# gcc inline assembler syntax



## substrate (Jan 29, 2003)

I'm working on getting transcode (http://www.theorie.physik.uni-goettingen.de/~ostreich/transcode/) working under MacOS X. It's a tool for transcoding one video or audio format to another, so for instance you could transcode raw DV from your video camera to MPEG2 or a DVD to DIVX or whatever. It's very feature rich, it was the best solution I found under linux.

It looks like some effort has been put into porting it to MacOS X but it still doesn't work. In addition there seem to be some modules that are optimized for the SIMD extensions on Pentiums or AMD processor but not Altivec.

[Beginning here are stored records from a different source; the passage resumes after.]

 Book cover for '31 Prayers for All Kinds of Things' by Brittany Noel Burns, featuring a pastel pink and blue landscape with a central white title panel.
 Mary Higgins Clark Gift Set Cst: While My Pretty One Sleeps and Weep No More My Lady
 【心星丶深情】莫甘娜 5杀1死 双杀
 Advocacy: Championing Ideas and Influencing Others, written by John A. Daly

A lot of modules seem to compile as is, but some of the important ones don't. One thing I noticed is that the assembler syntax (not just the mnemonics or opcodes) is different between Intel and Motorola processers when using inline gcc assembly.

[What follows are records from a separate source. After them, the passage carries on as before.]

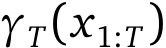  γT(x1:T)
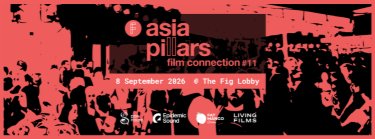 Asia Pillars - Film Connection #11 Zipevent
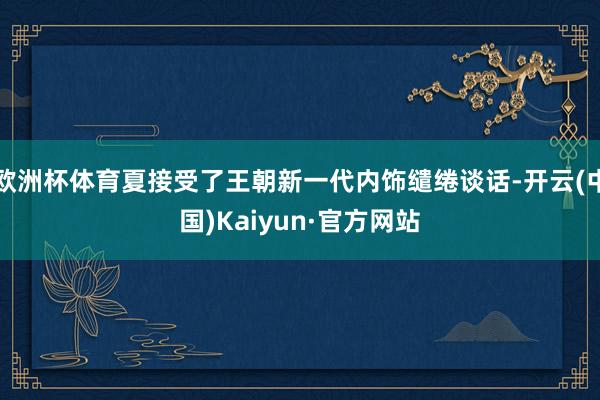 欧洲杯体育夏接受了王朝新一代内饰缱绻谈话-开云(中国)Kaiyun·官方网站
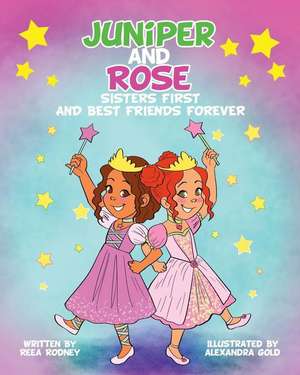 Juniper and Rose: Sisters First, and Best Friends Forever de Reea Rodney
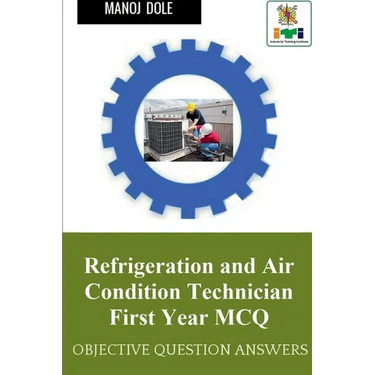 Refrigeration and Air Condition Technician First Year MCQ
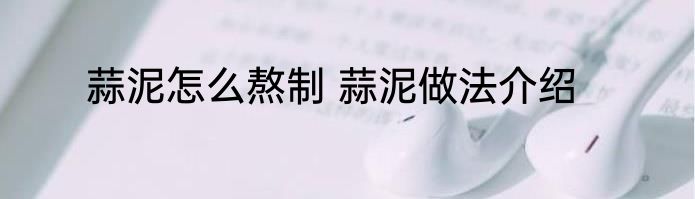 蒜泥怎么熬制 蒜泥做法介绍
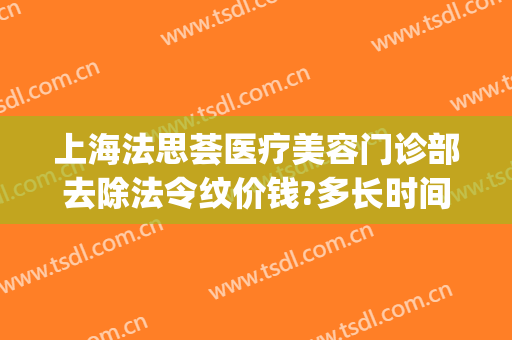 上海法思荟医疗美容门诊部去除法令纹价钱?多长时间恢复?(医美去除法令纹多少钱)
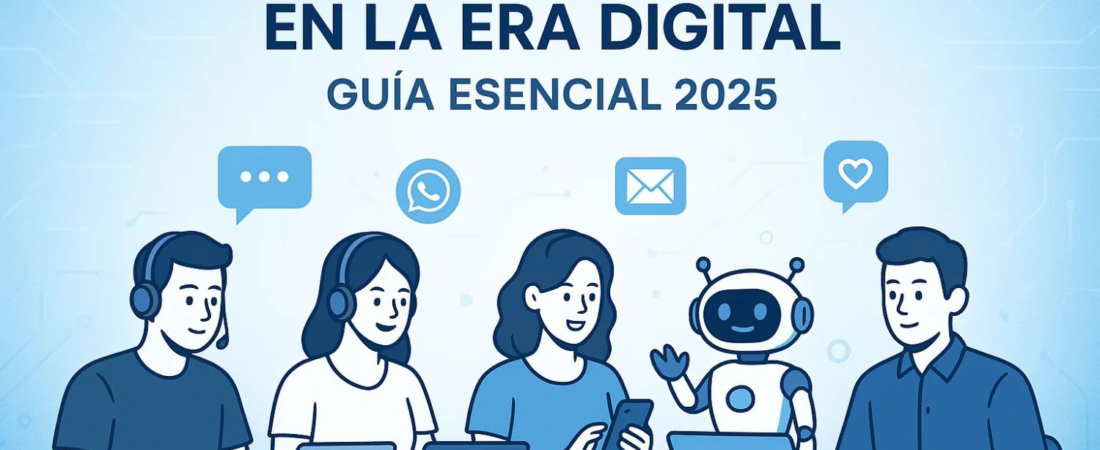La importancia de la atención al cliente en la era digital | Conecta Chava+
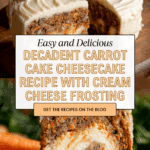 Carrot Cake Cheesecake Recipe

So, if the underlying syntax were the same as gcc on my linux box I'd expect something like:

  vxor %v0, %v0, %v0

but the syntax required on the Apple gcc compiler is:

  vxor v0, v0, v0

If everything were that simple I wouldn't be concerned, but I'd like to see documentation for the syntax used for both gcc (I guess really as) versions.

Does anybody know where I can find this or example code? I'd like to be able to get through these minor details quickly so I can do the important stuff.

Thanks


----------